- **Problem requirements**
Your answer must be an exact copy of the records, with no pictures included.
***** Task material
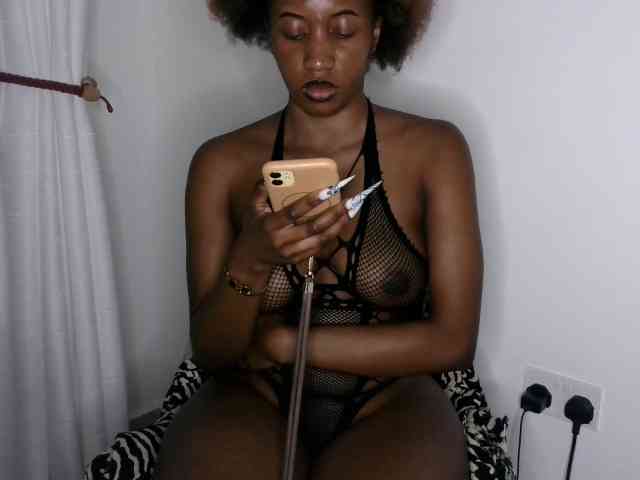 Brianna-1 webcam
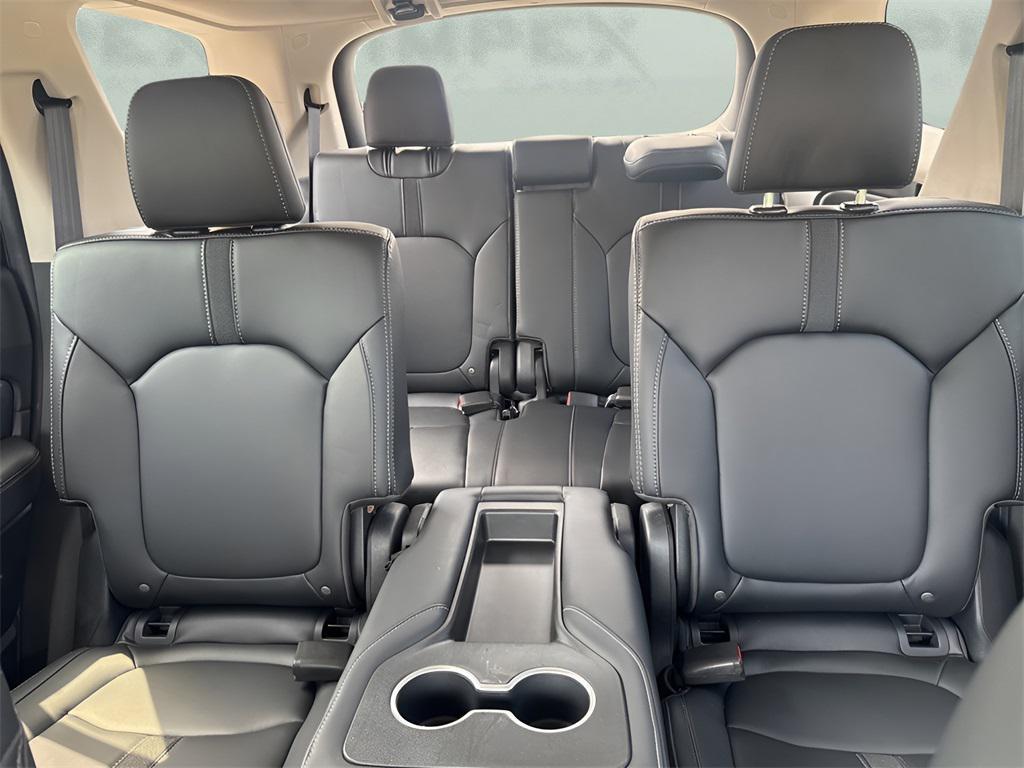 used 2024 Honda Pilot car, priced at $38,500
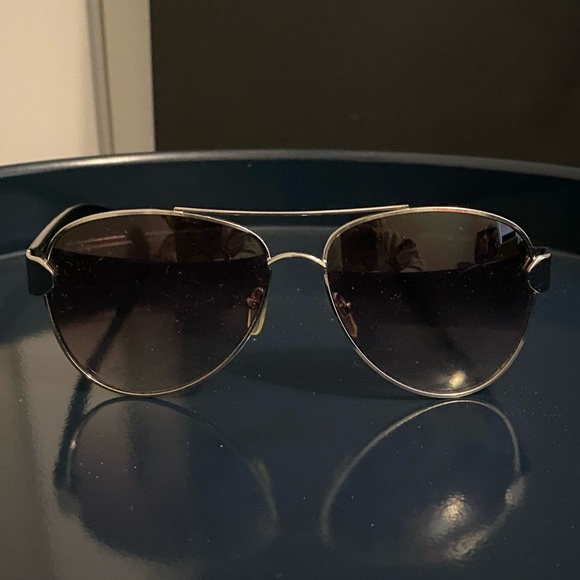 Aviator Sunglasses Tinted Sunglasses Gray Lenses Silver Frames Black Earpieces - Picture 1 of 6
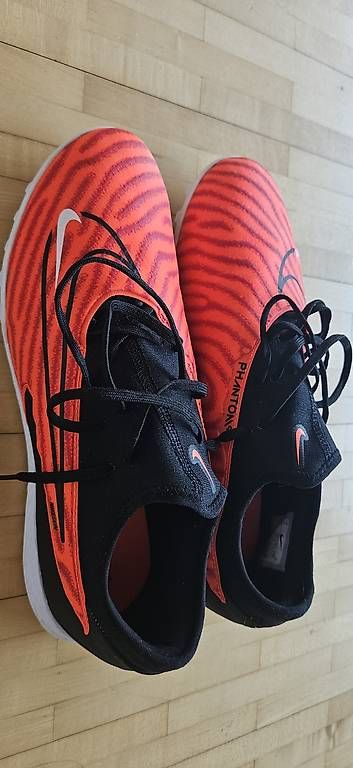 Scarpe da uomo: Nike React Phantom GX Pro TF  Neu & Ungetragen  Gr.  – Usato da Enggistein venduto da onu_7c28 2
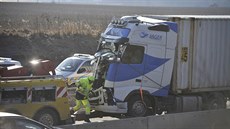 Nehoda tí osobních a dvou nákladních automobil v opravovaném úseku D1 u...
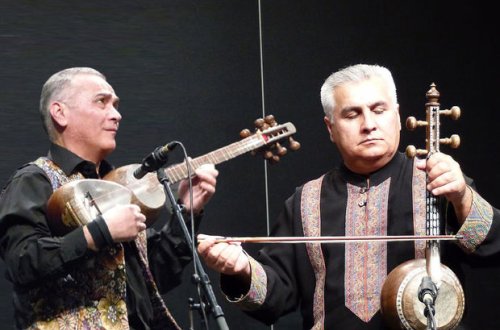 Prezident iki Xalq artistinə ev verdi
**********
- **Task result**
 Brianna-1 webcam
 used 2024 Honda Pilot car, priced at $38,500
 Aviator Sunglasses Tinted Sunglasses Gray Lenses Silver Frames Black Earpieces - Picture 1 of 6
 Scarpe da uomo: Nike React Phantom GX Pro TF  Neu & Ungetragen  Gr.  – Usato da Enggistein venduto da onu_7c28 2
 Nehoda tí osobních a dvou nákladních automobil v opravovaném úseku D1 u...
 Prezident iki Xalq artistinə ev verdi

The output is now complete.